1372 als Wachturm auf der bestehenden Stadtmauer errichtet, 1992 bis 1994 liebevoll renoviert, fristet der Kaiserturm seither ein scheinbar unbemerktes Dasein. Das soll sich nun ändern. Die Verwaltung der Stadt Villingen-Schwenningen hat ein Konzept erarbeitet, um den markanten Bau zu vermarkten.

Zum ersten Mal wurden am 19. September 2009 die Türen des Turms am Kaiserring geöffnet, und nicht nur Festliebhaber sondern auch Freunde des historischen Villingen nutzten die Gelegenheit, das alte Gemäuer zu betreten und nicht zuletzt die Aussicht in rund 30 Metern Höhe zu genießen.

Das Fest habe zwar keine Bedeutung für die Welt, aber eine besondere für die Stadt, betonte Rudolf Topp, Leiter der Marketing und Tourismus Villingen-Schwenningen GmbH (MTVS). Der historische Bau sei ein wichtiger Bestandteil der städtebaulichen Struktur, der wieder stärker ins Bewusstsein gerückt werden solle.

Blick über die Dächer der Villinger Altstadt hinweg von Turm zu Turm: Aus dem Kaiserturm hinüber zum Romäusturm.

 

Schnupperstadtführungen, Erzählrunden, Turmführungen, Musik und ein kulinarisches Angebot standen auf dem Programm des Kaiserturmfestes. Im Schulterschluss mit den Stadtführern und dem Restaurant Pulvertürmle, das zusammen mit Wein- Riegger Speisen und Getränke zur Verfügung stellte, organisierte die MTVS das Fest rund um und im Kaiserturm. Auf fünf Etagen fanden die Gäste Informationen über die Historie des 31 Meter hohen Bauwerks, das lange Zeit als Wehranlage diente. Seinen heutigen Namen erhielt der Kaiserturm erst Ende des 19. Jahrhunderts anlässlich der Entstehung des zweiten Deutschen Kaiserreichs. Zuvor galt er als „Gerber-, Wachtel- oder Schnabelturm“.

Lange Zeit wurde er als Wohn- und Versammlungsraum genutzt. In jüngster Zeit verirrten sich Besucher nur im Rahmen von Stadtführungen hierher. „Vor allem wenn es kalt war“, griffen die Experten für Stadthistorie gern auf die Möglichkeit eines Abstechers in den Turm zurück, wie Franz Kleinbölting, Sprecher der Stadtführer, berichtete.

Wie ein trutziger Wächter steht der Kaiserturm, beim Blick von der Gerberstraße aus, in der historische Stadtmauer.

 

Das Kaiserturmfest am 19. September sollte nun der Auftakt sein für die weitere Vermarktung: Ziel ist laut Topp eine intensivere Nutzung der „kleinen, aber feinen“ Räume. Schon im Frühjahr sei die Idee entstanden, ihn zusätzlich zu den bereits stattfindenden Sektempfängen und Sonderführungen auch für private Feste anzubieten. Geburtstagsfeiern in besonderem Ambiente, Festlichkeiten mit rund 20 Personen schweben den Initiatoren vor.

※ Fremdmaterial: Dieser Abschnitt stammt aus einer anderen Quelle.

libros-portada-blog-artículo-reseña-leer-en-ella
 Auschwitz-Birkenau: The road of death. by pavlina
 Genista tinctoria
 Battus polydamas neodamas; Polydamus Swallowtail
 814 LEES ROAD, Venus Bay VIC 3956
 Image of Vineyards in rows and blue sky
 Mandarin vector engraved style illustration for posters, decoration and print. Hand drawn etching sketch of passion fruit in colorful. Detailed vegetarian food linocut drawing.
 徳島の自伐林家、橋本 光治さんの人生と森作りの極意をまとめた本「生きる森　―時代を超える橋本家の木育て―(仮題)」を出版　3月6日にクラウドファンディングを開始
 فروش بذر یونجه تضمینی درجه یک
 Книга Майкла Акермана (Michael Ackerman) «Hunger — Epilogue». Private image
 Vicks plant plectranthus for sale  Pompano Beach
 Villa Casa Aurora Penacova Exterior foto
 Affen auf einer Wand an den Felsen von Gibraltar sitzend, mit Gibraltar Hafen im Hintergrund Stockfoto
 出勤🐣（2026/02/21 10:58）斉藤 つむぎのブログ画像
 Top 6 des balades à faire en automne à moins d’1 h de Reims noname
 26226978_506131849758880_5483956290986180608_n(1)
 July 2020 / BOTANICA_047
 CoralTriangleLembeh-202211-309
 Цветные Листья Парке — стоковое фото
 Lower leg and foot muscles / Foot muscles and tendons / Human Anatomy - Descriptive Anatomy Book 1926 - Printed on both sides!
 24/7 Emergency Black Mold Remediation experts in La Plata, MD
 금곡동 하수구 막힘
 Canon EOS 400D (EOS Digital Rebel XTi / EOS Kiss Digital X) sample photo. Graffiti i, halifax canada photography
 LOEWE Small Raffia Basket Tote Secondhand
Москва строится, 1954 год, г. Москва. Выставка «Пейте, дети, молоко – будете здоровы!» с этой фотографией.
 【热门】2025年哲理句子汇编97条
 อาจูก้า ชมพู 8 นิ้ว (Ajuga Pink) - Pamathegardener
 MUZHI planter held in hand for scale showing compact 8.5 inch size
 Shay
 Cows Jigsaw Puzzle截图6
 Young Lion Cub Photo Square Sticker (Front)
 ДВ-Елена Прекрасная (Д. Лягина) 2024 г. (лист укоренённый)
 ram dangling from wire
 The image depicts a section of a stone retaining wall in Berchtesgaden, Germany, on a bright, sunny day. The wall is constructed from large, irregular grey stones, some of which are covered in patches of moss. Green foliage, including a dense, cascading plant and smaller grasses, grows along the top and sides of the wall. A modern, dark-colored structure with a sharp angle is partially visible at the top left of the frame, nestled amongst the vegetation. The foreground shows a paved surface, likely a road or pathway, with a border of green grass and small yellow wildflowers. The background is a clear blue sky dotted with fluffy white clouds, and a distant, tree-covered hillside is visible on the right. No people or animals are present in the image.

Das Team des Restaurants Pulvertürmle wird auch dafür ein Catering anbieten und eine Lücke schließen, die die Nutzung des Turms bislang erschwerte: Es mangelt nämlich an sanitären Einrichtungen. Diese finden die Gäste im nahe liegenden Pulvertürmle. Dessen Betreiber, Michael Widlowski, freut sich, zusammen mit der Stadt etwas auf die Beine zu stellen, denn „der Kaiserturm ist zu schön, um zu zu sein“.

Weitere Informationen und Fragen für private Veranstaltungen beantwortet Ursula Simon, Telefon 0 77 21 / 82 25 25.

Im Inneren des restaurierten Kaiserturms gibt eine Ausstellung Einblick in die Villinger Geschichte.